We are given that ∠ABC is a right angle. Therefore, it has a measure of 90.
Statement
∠ABC is a right angle, so m ∠ABC = 90.We can tell that the ray BR divides ∠ABC into ∠1 and ∠2. Thus, by the Angle Addition Postulate m ∠1 + m ∠2 = m ∠ABC.
Statement
By the Angle Addition Postulate, m ∠1 + m ∠2 = m ∠ABC.
We know that m ∠ABC= 90, and we are given that m ∠1 = 45. Notice that we can use the Substitution Property of Equality and substitute these values into our equation. Then, we get 45+ m ∠2= 90.
Statement
By Substitution Prop. of Equality, 45+ m ∠2= 90.
Now, we can use the Subtraction Property of Equality and subtract 45 from both sides of the equation. This gives us m ∠2 = 45.
Statement
By Subtraction Prop. of Equality, m ∠2= 45.
Notice that the measures of ∠1 and ∠2 are the same. Therefore, they are congruent by the definition of congruent angles.
Statement
∠1 and ∠2 are congruent by the definition of congruent angles.

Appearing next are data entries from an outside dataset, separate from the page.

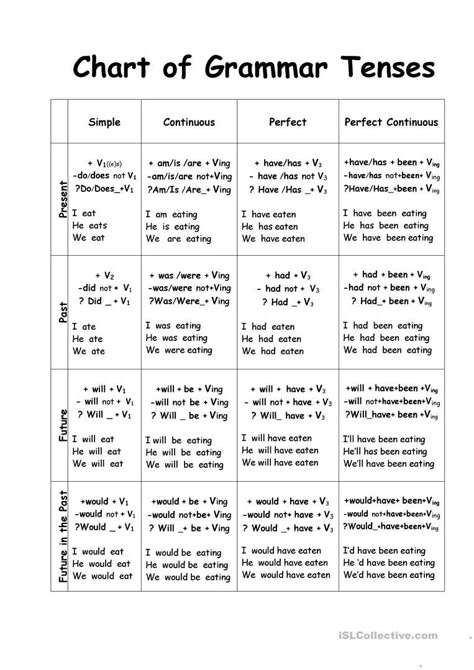 Chart of Tenses worksheet - Free ESL printable worksheets made by teachers Chart Of Tenses, Grammar Tenses Chart, English Grammar Tenses Chart, Tenses Worksheet, English Tenses Chart, 16 Tenses, Tenses Chart, Struktur Teks, Tenses Grammar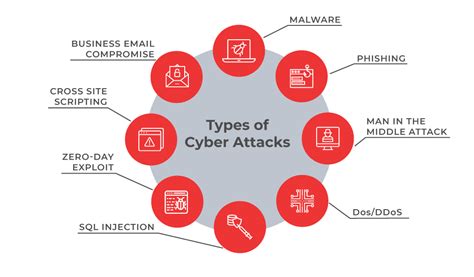 Most Common Types Of Cyber Attacks Best Technology Blog In India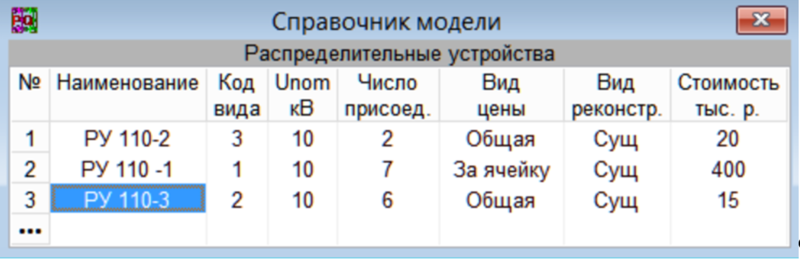 Рис. 19. Таблица стоимостей распределительных устройств подстанций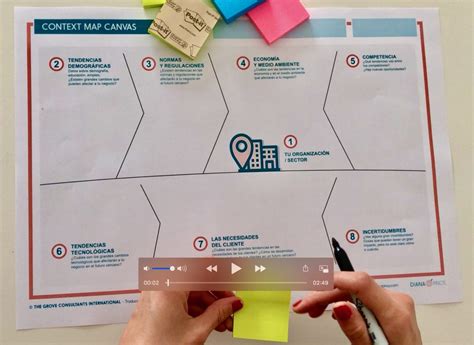 interpreteer de context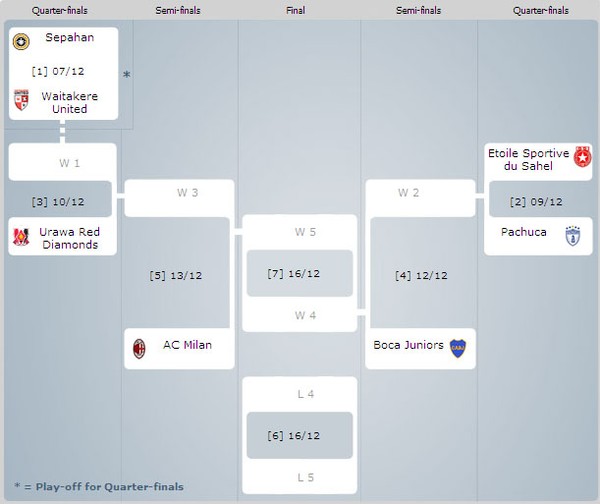 The matches for the Club World Cup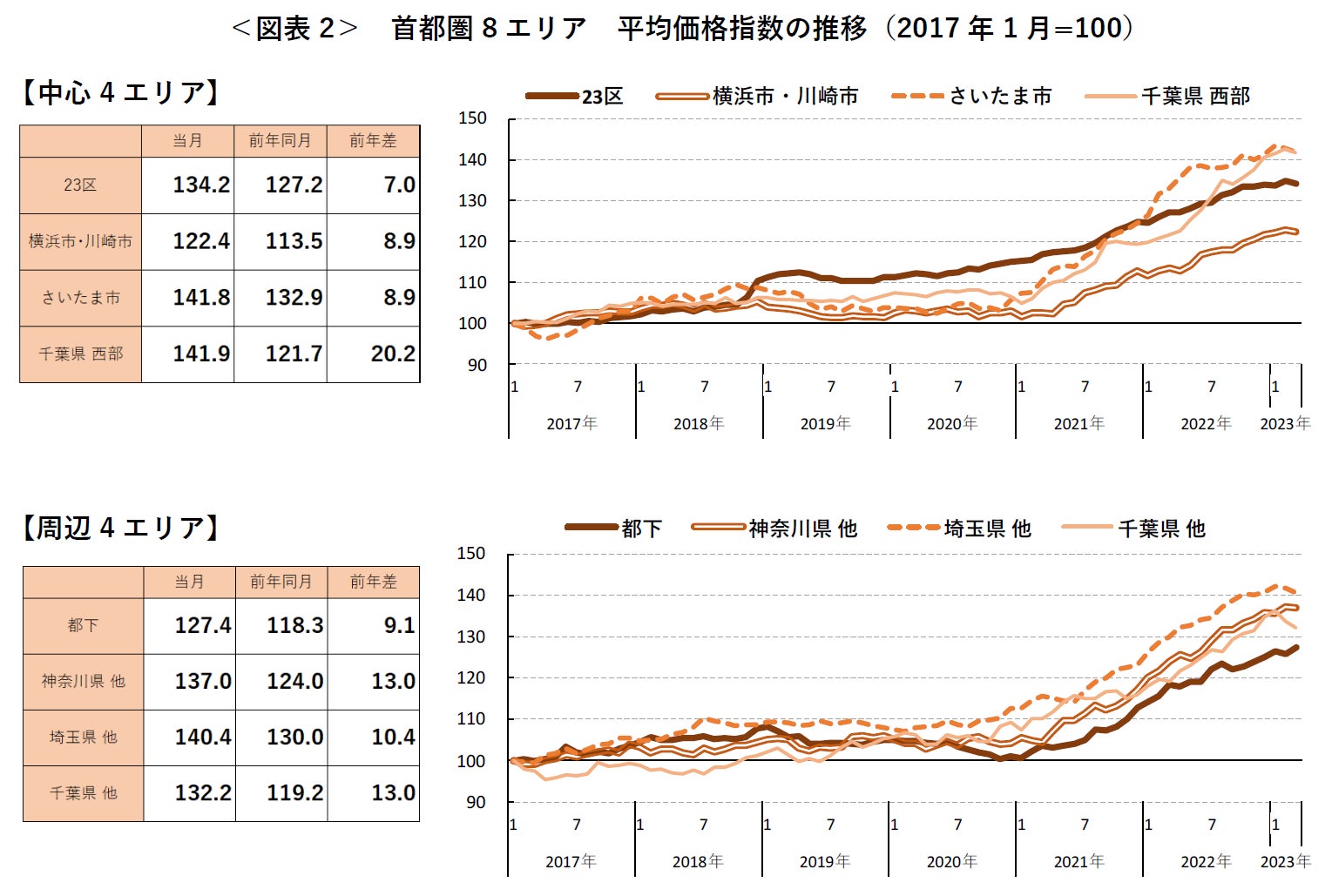 【アットホーム調査】首都圏における「中古マンション」の価格動向（2023年3月）のサブ画像4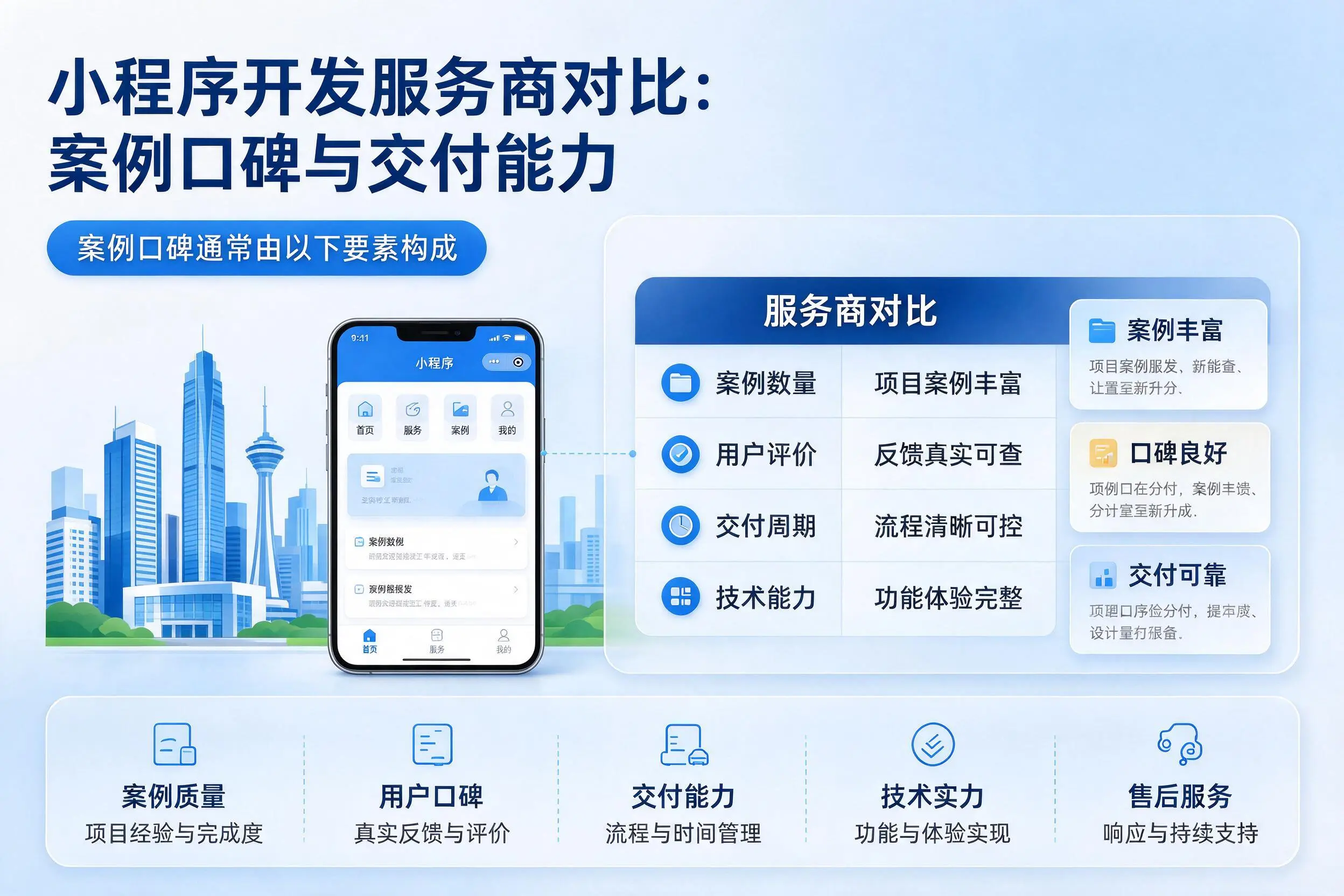 揭阳小程序开发服务商对比：案例口碑与交付能力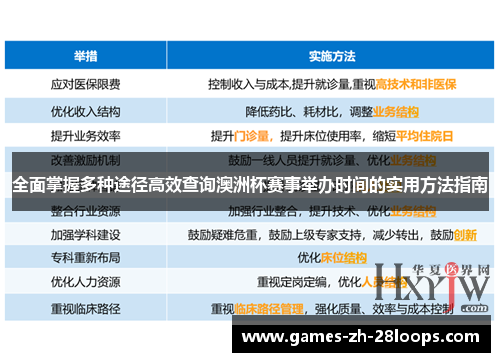 全面掌握多种途径高效查询澳洲杯赛事举办时间的实用方法指南 全面掌握多种途径高效查询澳洲杯赛事举办时间的实用方法指南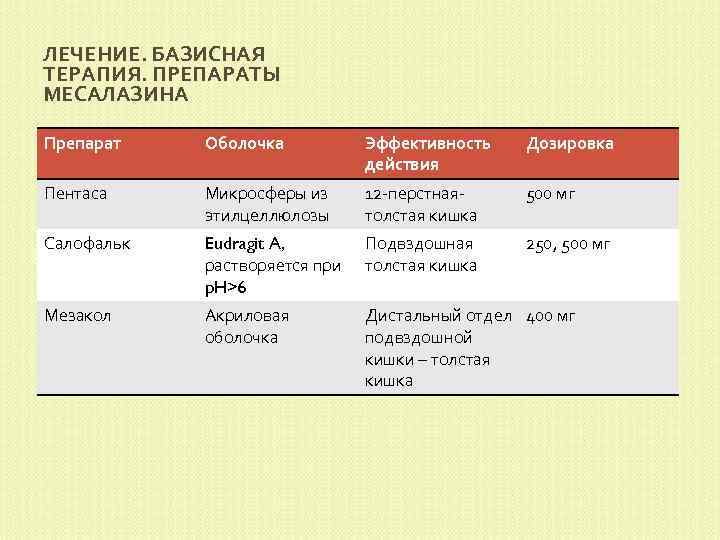 ЛЕЧЕНИЕ. БАЗИСНАЯ ТЕРАПИЯ. ПРЕПАРАТЫ МЕСАЛАЗИНА Препарат Оболочка Эффективность действия Дозировка Пентаса Микросферы из этилцеллюлозы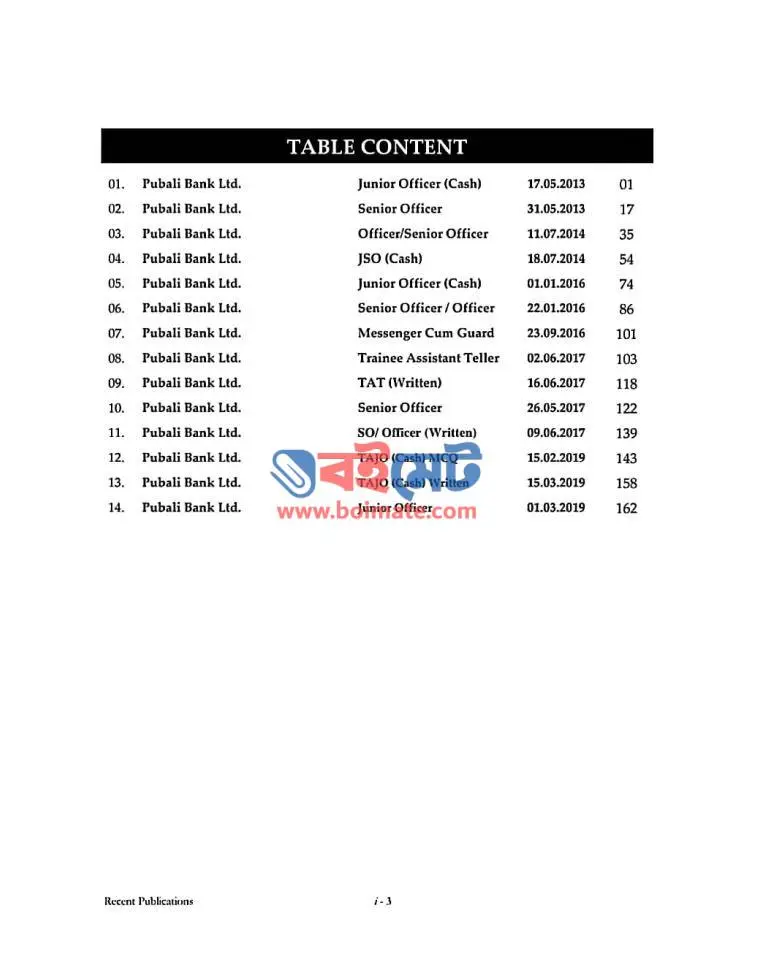 Recent পূবালী ব্যাংক নিয়োগ গাইড PDF (Pubali Bank Job Guide)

We can tell that BR divides ∠ABC into two congruent angles. Thus, by the definition of an angle bisector, BR bisects ∠ABC, which is what we wanted to prove!
Statement
By the definition of an angle bisector, BR bisects ∠ABC.
Completed Proof
∠ABC is a right angle, so m ∠ABC=90. By the Angle Addition Postulate, m ∠1 + m ∠2 = m ∠ABC. By the Substitution Property of Equality, 45+ m ∠2 = 90. By the Subtraction Property of Equality, m ∠2 = 45. ∠1 and ∠2 are congruent by the definition of congruent angles. By the definition of an angle bisector, BR bisects ∠ABC.